Internationaler Workshop zur
Verbzweit-Stellung, 24. – 26. Juli 2015
Bergische Universität Wuppertal
Erste Informationen:
  • Veranstaltungsort: Bergische Universität Wuppertal
  • Fr 24.7.2015: Campus Freudenberg, Vortragsraum Gästehaus
  • Sa 25.7.2015: Campus Freudenberg, Vortragsraum Gästehaus
  • So 26.7.2015: Campus Grifflenberg, B.06.01


Inhaltlicher Rahmen:
  • Die Voranstellung des finiten Verbs in den germanischen Sprachen wird als V2-Phänomen bezeichnet. Speziell im Deutschen lässt sich als grobe Generalisierung feststellen, dass das finite Verb im Hauptsatz in Erst- oder Zweitposition auftritt (1), während es sich im Nebensatz in Endposition befindet (2):
    (1) a. Hat Karl gestern seinem Freund ein Buch geschenkt?
    b. [Seinem Freund] hat Karl gestern ein Buch geschenkt.
    c. Wem hat Karl gestern ein Buch geschenkt?
    (2) a. (Maria meint,) dass Karl gestern seinem Freund ein Buch geschenkt hat.
    b. (Dort steht der Mann, ) dem Fritz gestern ein Buch geschenkt hat.
    c. (Allen ist unklar, ) wem Karl gestern ein Buch geschenkt hat.

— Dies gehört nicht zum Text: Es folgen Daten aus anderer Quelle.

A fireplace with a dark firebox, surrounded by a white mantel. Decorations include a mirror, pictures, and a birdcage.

    Die Frage nach dem Status von Hauptsätzen und ihrer Fähigkeit, Sprecherintentionen in Diskurssituationen zu verankern und damit illokutive Kraft zu entfalten, scheint eng mit der Voranstellung des finiten Verbs zusammenzuhängen. Für Nebensätze, die i. d. R. Verbend-Stellung aufweisen, gilt dies nicht.

    So ist das Behaupten (mit Deklarativsätzen), das Stellen von Entscheidungs- und Ergänzungsfragen (mit Interrogativsätzen) und die direkte Aufforderung (mit Imperativsätzen) nur mit vorangestelltem finiten Verb möglich. Strukturen mit Verbend-Stellung besitzen diese Sprechakt-Eigenschaft i. d. R. nicht.

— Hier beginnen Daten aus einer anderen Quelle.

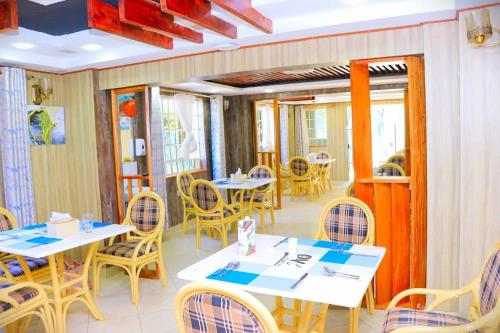 a restaurant with white tables and chairs and windows at Ohm Village Inn(OVI) in Kitui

    Finitheit als Komplex der flexionsmorphologischen Markierungen für Person, Numerus, Tempus und Modus eröffnet dabei dreierlei Möglichkeiten:
    1.die Prädikationsrelation zwischen Subjekt und Prädikat,
    2.die Verschiebung des ausgedrückten Ereignisses in der Zeit,
    3.die Verschiebung des ausgedrückten Ereignisses von der Wirklichkeit in (nur mögliche) Alternativwelten.
    Die Kategorie Finitheit ist damit der grammatikalisierte Reflex der kognitiven Fähigkeit des Menschen, Ereignisstrukturen losgelöst von der aktuellen Äußerungssituation auf zeitlich versetzte und mögliche (nicht-wirkliche) Zusammenhänge zu projizieren.

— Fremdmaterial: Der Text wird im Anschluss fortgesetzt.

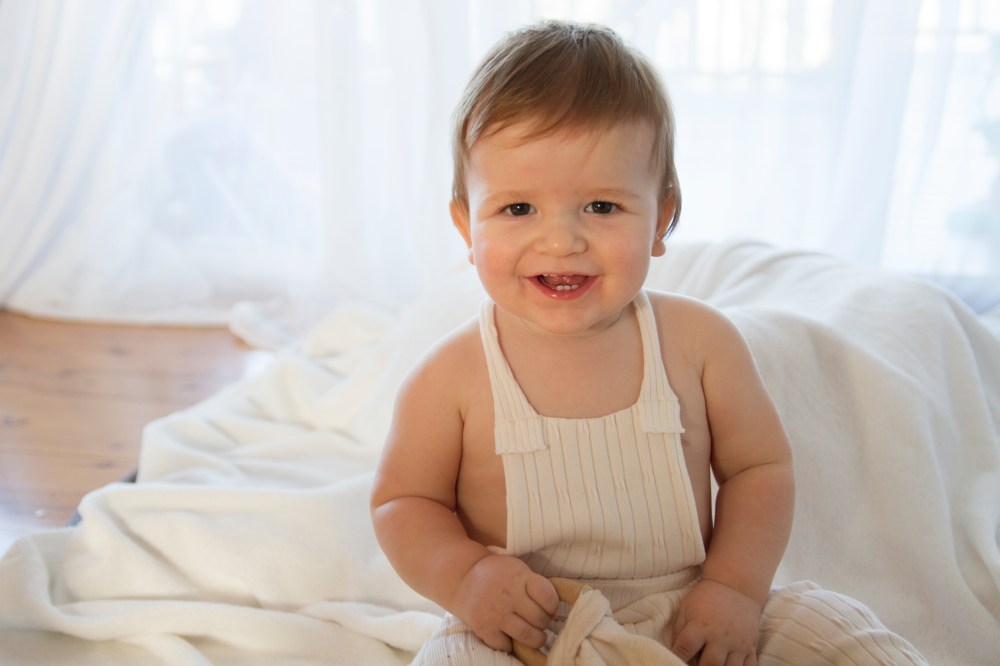 baby photography. Photo of a smiling baby boy in a backlit studio photo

    Dass die Voranstellung des finiten Verbs im Satz darüber hinaus u. a. die Aktualisierung illokutiver Funktionen steuert, wird ein zentraler Aspekt des Workshops sein -- vor allem, weil auch in gewissen eingebetteten Sätzen das V2-Phänomen auftritt, eingebettete Sätze i. d. R. aber keine Illokution besitzen:
    (3) a. (Maria meint,) dass Karl gestern seinem Freund ein Buch geschenkt habe.
    b. (Maria meint,) Karl habe gestern seinem Freund ein Buch geschenkt.
    (4) a. (Karl hat ein Auto,) das ganz verbeult ist.
    b. (Karl hat ein Auto,) das ist ganz verbeult.
    Dass diese Verbstellungsoptionen aber nicht generell verfügbar sind, zeigen die folgenden Beispiele:
    (5) a. (Maria hat übersehen,) dass Karl gestern seinem Freund ein Buch geschenkt hat.
    b. *(Maria hat übersehen,) Karl hat gestern seinem Freund ein Buch geschenkt.
    (6) a. (Karl kennt jede Zeitschrift,) die über den G7-Gipfel berichtet hat.
    b. *(Karl kennt jede Zeitschrift,) die hat über den G7-Gipfel berichtet.
    Der Workshop thematisiert diese zentralen Fragen über die kognitive Ausstattung des Menschen und die damit verbundenen epistemischen und kommunikativen Funktionen und setzt sie in Relation zu den grammatischen Formen, die sich im Sprachsystem niedergeschlagen haben.